Es importante observar que la jugada por parte de Finlandia es de nota. Un país de cerca de seis millones de habitantes que, merced a su consabida neutralidad desde la Segunda Guerra Mundial (recordemos que en dicha contienda se ponen al lado de la Alemania nazi contra Rusia), y aprovechando su entrada en la Unión Europea, en 1995, logra un status óptimo, con una sanidad y una educación modélicas; un país moderno, industrializado plenamente, con una riqueza maderera extraordinaria y un potencial traducido en una renta per cápita más que notable, con una clase política de una sensatez y una honestidad fuera de lo común (cual es el caso de su primera ministra, Sanna Marin, que con 38 años decide dejar la política para consagrarse a la familia) y una consolidada democracia, hasta que de repente ve lo que se le viene encima y juega las cartas de la OTAN, para que le saque (le saquemos) las castañas del fuego (nunca mejor dicho).
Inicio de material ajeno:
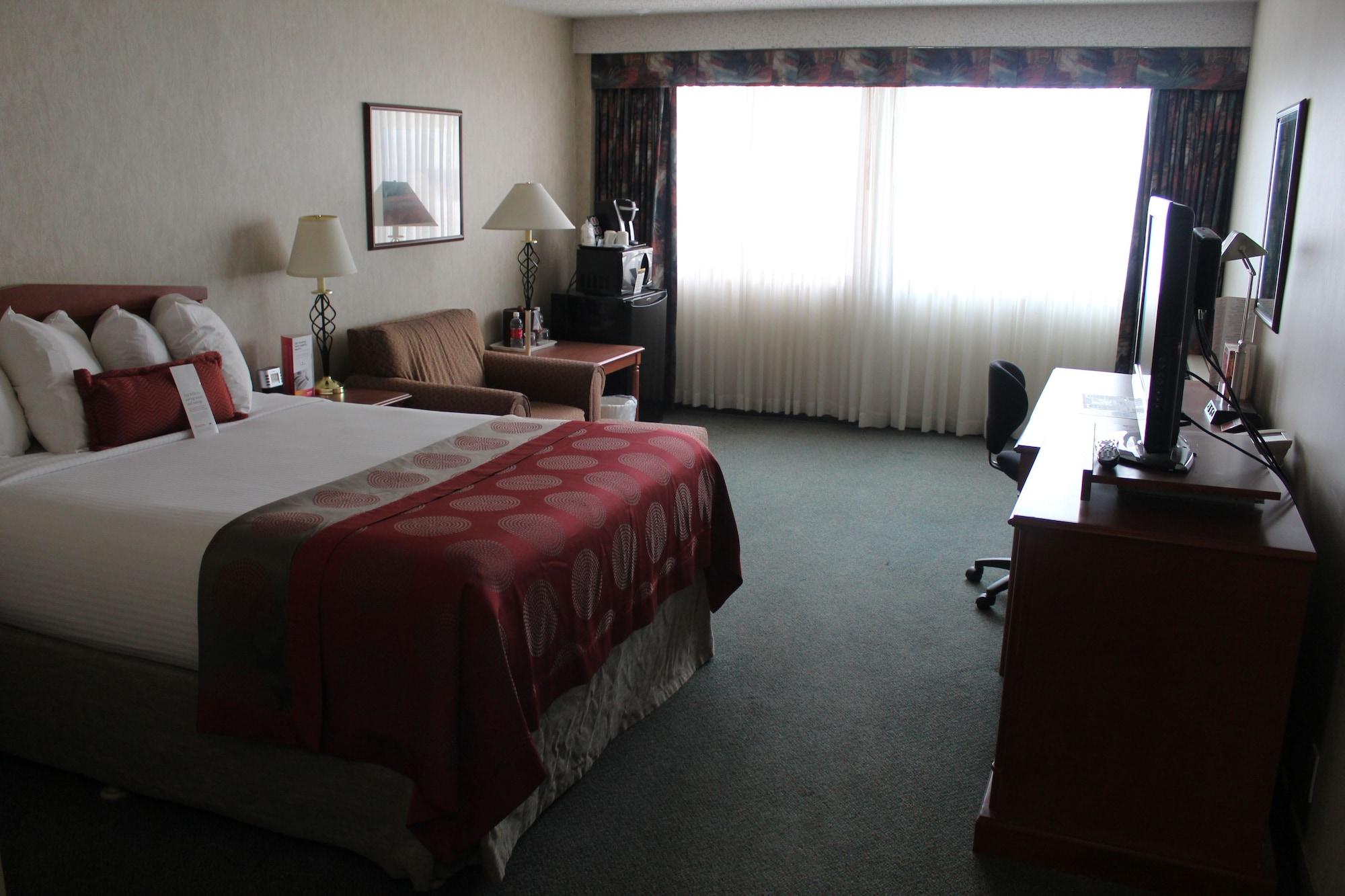Hotel Ramada Plaza by Wyndham Regina Downtown Zewnętrze zdjęcie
Es evidente que estamos en un club del que formamos parte para las uvas y para las maduras; pero qué menos que un debate en instantes tan trascendentales como el que vivimos, y máxime cuando cada vez más se nos antoja que hay miembros que juegan con las cartas marcadas (Estados Unidos y Reino Unido), haciendo primar sus intereses personales, mientras los comparsas pagan facturas y ponen en peligro su existencia. Un caso espectacular es nuestro propio país, donde nos hemos acostumbrado a vivir en la ciudad alegre y confiada. Lo de la guerra de Iraq, al parecer, no fue suficiente.
Cada vez más tenemos la íntima impresión de que cuanto más creemos controlar el mundo, vemos que somos polichinelas dirigidos por una minoría todopoderosa que nos utiliza sin miramientos. Y ahí tenemos ahora, y por si faltaba algo, al presidente chino tratando de hacer de poli bueno en un conflicto que adquiere dimensiones harto preocupantes, ahí mismo, junto a nuestras fronteras. ¿A qué juega éste? Sin duda, la pregunta del millón.